▶ Information shown
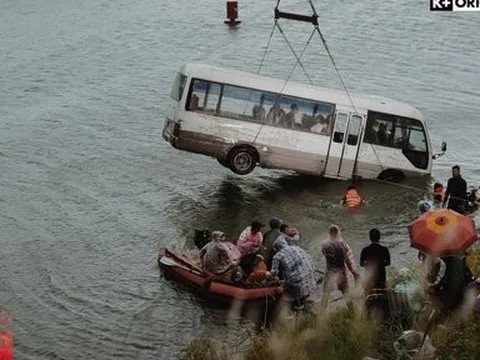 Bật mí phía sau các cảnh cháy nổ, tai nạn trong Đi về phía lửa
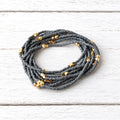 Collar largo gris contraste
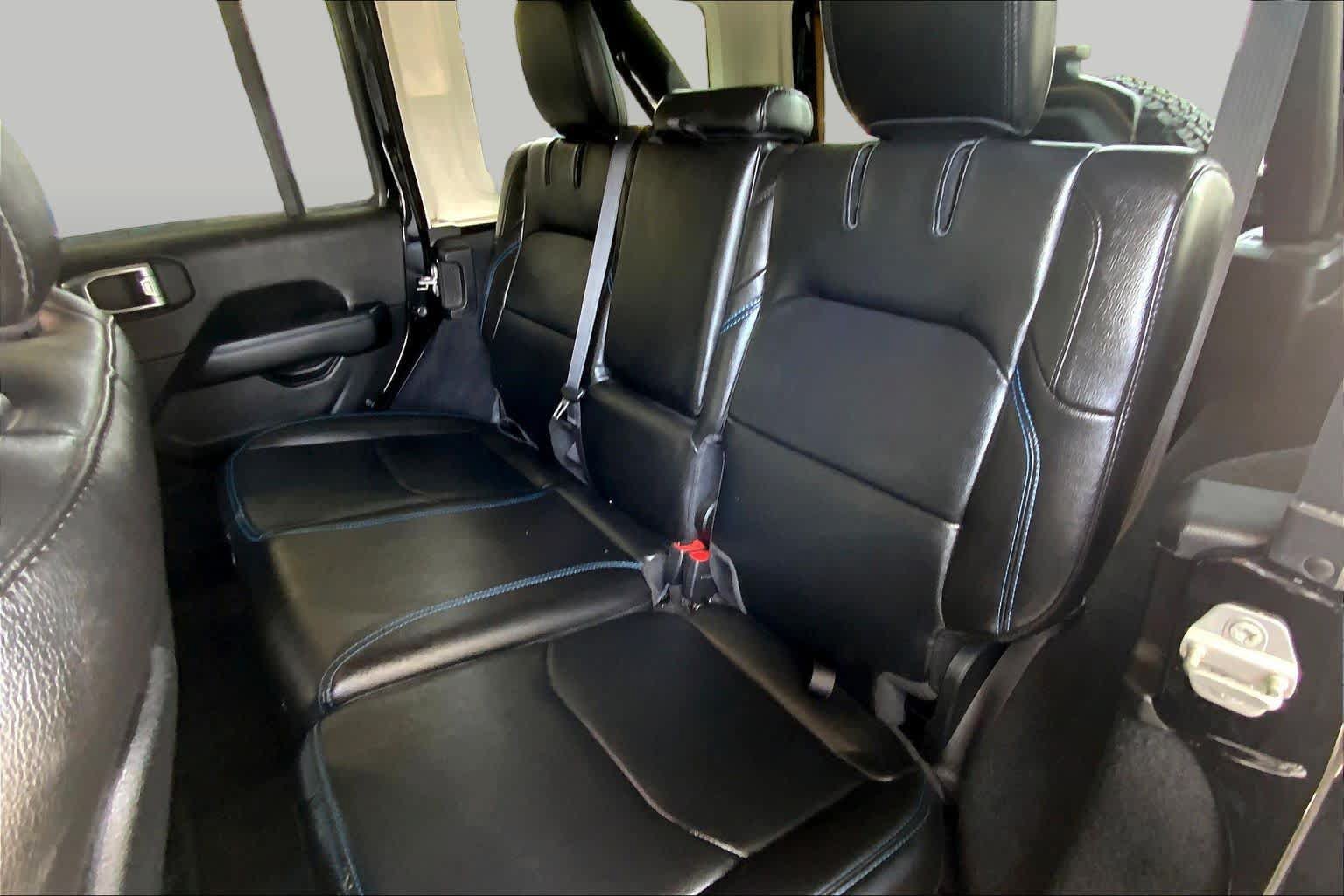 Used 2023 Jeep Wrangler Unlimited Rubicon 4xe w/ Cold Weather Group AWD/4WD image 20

▶ What to work on
Would you please copy the material exactly, leaving all the pictures out?

▶ Solution to this task
 Bật mí phía sau các cảnh cháy nổ, tai nạn trong Đi về phía lửa
 Collar largo gris contraste
 Used 2023 Jeep Wrangler Unlimited Rubicon 4xe w/ Cold Weather Group AWD/4WD image 20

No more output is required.